All I know is that it’s a bit premature to ponder a brand new team in Nashville or Salt Lake City when 2 of your existing teams are a traveling farce that render a whopping 6.7% of MLB’s residents officially “homeless”.

What Next For Tampa?

The A’s situation has been much discussed over the last couple years, but the Rays’ problem is fresh. Only in the last month has their existing stadium been ravaged by hurricane, a new stadium proposal put back into financial purgatory, and repairs to the roof put on indefinite hold.

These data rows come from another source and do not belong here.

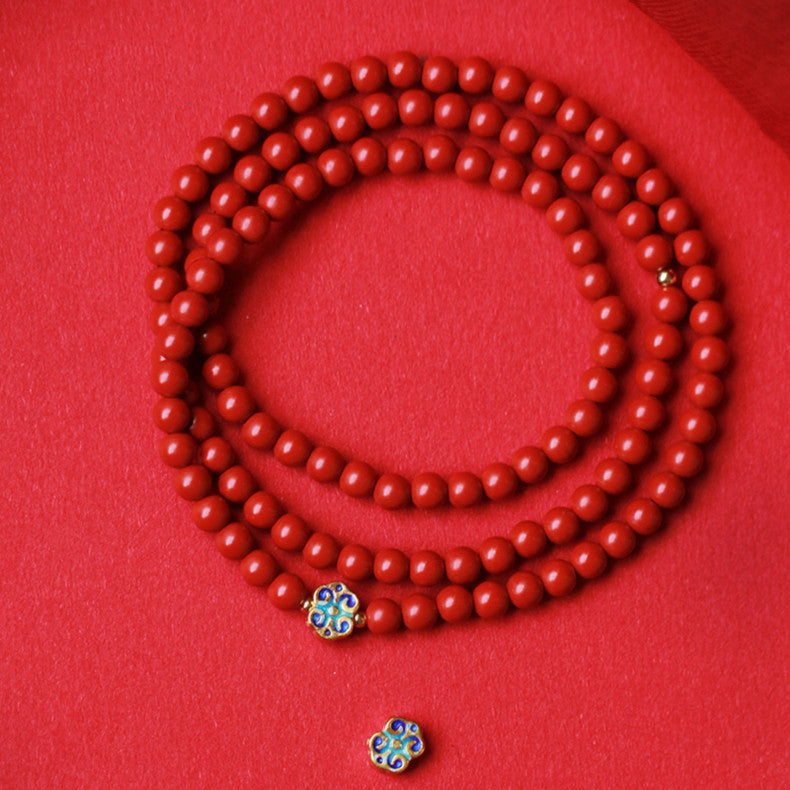 Elegant Women's 3-Loop Vermilion Bead Bracelet – 6mm Round Red Cinnabar Gift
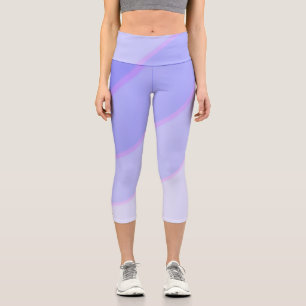 Swirl pattern pastel ombre Lilac Capri Leggings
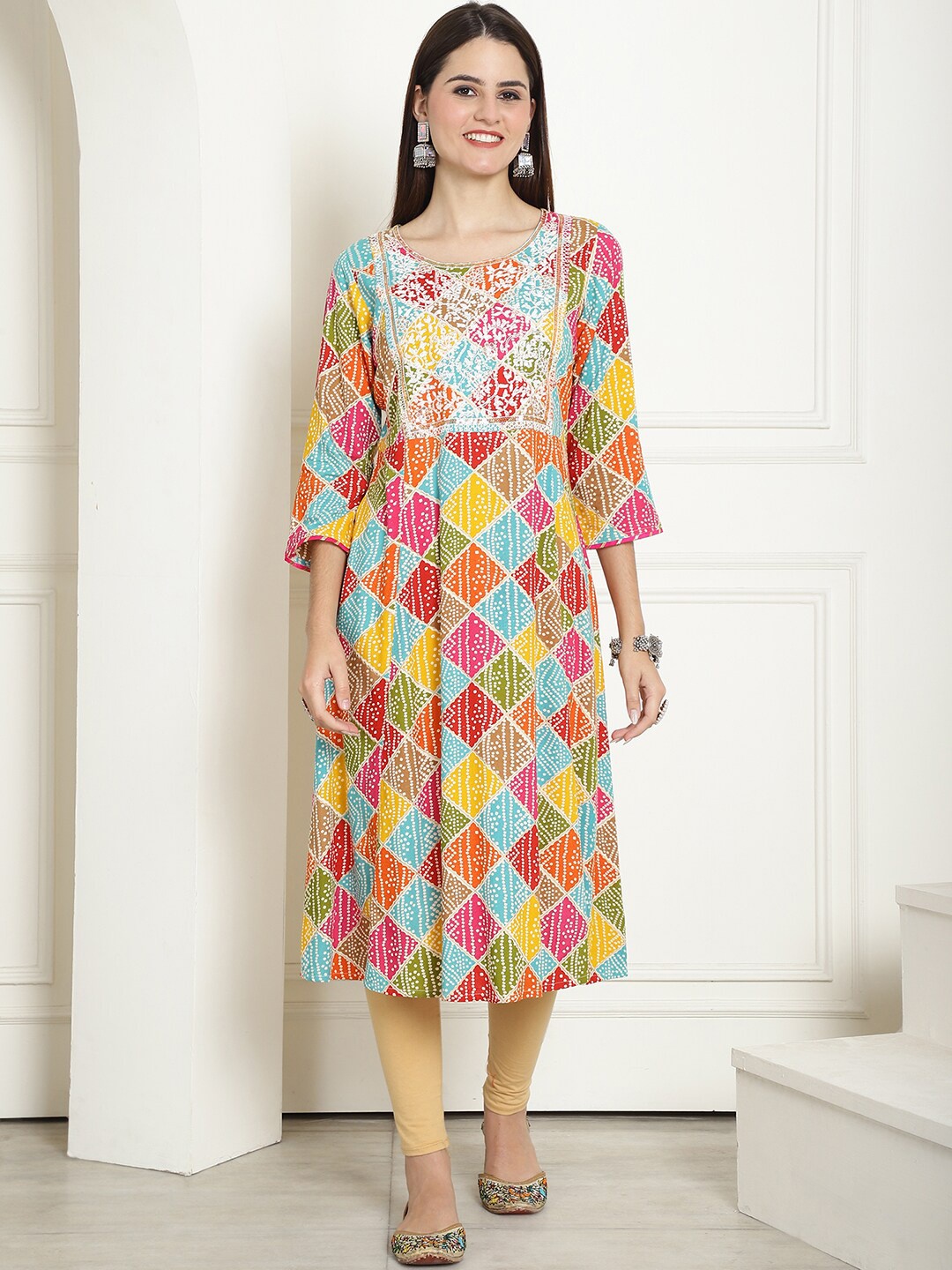 

KALINI Geometric Printed Round Neck Kurta, Orange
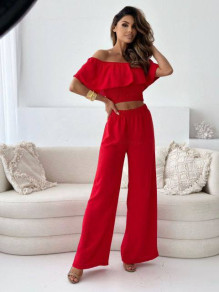 Дамски комплект топ и панталон L8822 червен 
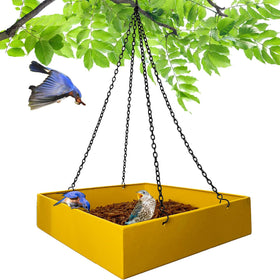 Meleave bird feeder platform outdoor yellow seed loading demonstrates easy filling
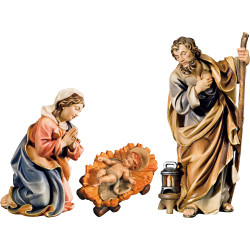 Hl. Familie mit Jesuskind fix in Wiege (ohne Sockel)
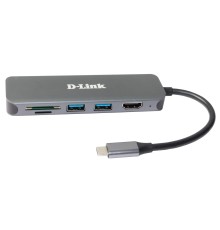 D-Link DUB-2327/A1A Док-станция с разъемом USB Type-C, 2 портами USB 3.0, 1 портом USB Type-C/PD 3.0, 1 портом HDMI и слотами для карт SD и microSD 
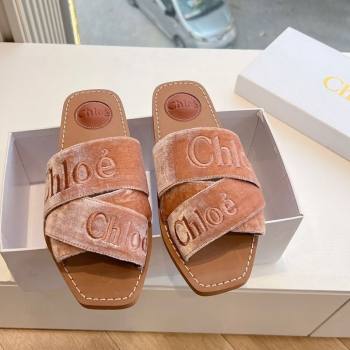 Chloe Woody Flat Square-toe Slides Sandal in Velvet Pink 2025 G076 (KL-250220029)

Are the Rays suddenly looking at playing in a tiny non-MLB stadium for years too? Or is a move out of Tampa on the table where it hasn’t really been talked about before? Is Salt Lake City taking an “If we build it, you will come” approach knowing that there are multiple teams with players, coaches, uniforms, and logos but no home to click their heels 3 times and return to?

30 + 2 = 30

Welcome to MLB Math, aka Manthfred. You seek expansion and yet somehow the A’s could move into a new stadium they built in Las Vegas and the Rays could move into a new stadium in Salt Lake City and you would have yourself two new cities and ... 30 teams.

And you waived the relocation fee so there’s not even that! Oops. MLB’s 28 other owners might be wondering why they rubber stamped plans that may wind up benefiting no one and hurting everyone, or perhaps they won’t have any epiphanies until a solid dozen of the major league teams are playing in minor league or spring training facilities and marketing themselves strictly as nomads.

I know this: when 6.7% of your teams can’t bring 15,000 fans to pay admission, buy concessions, or buy merchandise for any of 81 home games it’s not ideal for revenue, not for the home teams, not for the visiting teams, not for anyone.

Oh well. It will probably all work out.